Lease and well expenses include expenses for EOG-operated properties, as well as expenses billed to EOG from other operators where EOG is not the operator of a property. Lease and well expenses can be divided into the following categories: costs to operate and maintain crude oil and natural gas wells, the cost of workovers and lease and well administrative expenses. Operating and maintenance costs include, among other things, pumping services, salt water disposal, equipment repair and maintenance, compression expense, lease upkeep and fuel and power. Workovers are operations to restore or maintain production from existing wells.

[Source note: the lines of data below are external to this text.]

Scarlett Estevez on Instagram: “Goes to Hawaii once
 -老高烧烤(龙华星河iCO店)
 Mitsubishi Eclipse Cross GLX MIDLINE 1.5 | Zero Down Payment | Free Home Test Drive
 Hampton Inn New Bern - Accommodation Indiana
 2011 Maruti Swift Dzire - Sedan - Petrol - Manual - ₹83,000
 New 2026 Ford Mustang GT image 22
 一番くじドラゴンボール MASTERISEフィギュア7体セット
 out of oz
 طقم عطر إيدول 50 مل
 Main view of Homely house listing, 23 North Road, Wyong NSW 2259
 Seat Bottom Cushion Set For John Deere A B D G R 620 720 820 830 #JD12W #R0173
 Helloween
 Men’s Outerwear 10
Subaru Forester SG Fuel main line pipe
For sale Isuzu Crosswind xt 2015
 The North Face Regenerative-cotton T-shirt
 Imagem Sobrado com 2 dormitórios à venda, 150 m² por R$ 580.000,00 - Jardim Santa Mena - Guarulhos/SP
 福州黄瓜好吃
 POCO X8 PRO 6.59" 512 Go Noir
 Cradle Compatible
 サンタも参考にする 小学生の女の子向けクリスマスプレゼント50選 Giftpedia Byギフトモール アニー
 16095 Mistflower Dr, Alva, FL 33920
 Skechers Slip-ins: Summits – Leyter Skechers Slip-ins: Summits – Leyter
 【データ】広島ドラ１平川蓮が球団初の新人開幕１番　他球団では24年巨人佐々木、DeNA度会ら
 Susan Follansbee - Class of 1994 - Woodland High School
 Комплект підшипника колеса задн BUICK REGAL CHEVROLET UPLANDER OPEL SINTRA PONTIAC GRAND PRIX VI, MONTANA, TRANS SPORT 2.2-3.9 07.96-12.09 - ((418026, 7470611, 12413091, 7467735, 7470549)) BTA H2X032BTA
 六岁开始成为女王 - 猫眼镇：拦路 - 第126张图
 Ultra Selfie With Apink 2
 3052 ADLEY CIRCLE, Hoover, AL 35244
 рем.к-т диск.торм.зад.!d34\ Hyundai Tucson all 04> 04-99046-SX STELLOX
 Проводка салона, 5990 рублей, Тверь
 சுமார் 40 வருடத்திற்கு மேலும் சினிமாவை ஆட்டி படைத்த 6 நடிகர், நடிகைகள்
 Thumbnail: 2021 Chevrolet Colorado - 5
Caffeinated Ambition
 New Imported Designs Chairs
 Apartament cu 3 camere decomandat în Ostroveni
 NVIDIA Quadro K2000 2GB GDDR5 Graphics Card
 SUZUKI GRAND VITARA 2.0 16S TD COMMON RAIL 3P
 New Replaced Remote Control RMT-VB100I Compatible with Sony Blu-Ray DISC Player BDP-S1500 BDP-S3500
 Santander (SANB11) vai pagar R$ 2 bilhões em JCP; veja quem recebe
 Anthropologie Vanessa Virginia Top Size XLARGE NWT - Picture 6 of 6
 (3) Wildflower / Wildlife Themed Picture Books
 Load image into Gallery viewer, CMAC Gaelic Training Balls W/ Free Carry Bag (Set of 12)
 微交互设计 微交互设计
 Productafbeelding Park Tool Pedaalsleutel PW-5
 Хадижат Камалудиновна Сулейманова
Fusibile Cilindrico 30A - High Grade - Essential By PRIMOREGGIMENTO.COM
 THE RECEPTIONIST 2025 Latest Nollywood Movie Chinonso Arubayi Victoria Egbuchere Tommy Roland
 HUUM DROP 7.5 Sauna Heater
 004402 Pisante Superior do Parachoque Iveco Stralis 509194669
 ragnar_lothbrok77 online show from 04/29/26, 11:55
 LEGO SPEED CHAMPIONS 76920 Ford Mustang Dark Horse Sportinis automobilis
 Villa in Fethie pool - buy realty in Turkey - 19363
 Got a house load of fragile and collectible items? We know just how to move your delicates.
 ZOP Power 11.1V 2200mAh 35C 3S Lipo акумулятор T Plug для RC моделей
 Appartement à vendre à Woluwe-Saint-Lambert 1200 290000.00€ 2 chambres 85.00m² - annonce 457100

Each of these categories of costs individually fluctuates from time to time as EOG attempts to maintain and increase production while maintaining efficient, safe and environmentally responsible operations. EOG continues to increase its operating activities by drilling new wells in existing and new areas. Operating and maintenance costs within these existing and new areas, as well as the costs of services charged to EOG by vendors, fluctuate over time.
Lease and well expenses of $1,283 million in 2018 increased $238 million from $1,045 million in 2017 primarily due to higher operating and maintenance costs ($171 million), higher workover expenditures ($44 million) and higher lease and well administrative expenses ($41 million), all in the United States, partially offset by lower operating and maintenance costs in the United Kingdom ($18 million). Lease and well expenses increased in the United States primarily due to increased operating activities resulting in increased production.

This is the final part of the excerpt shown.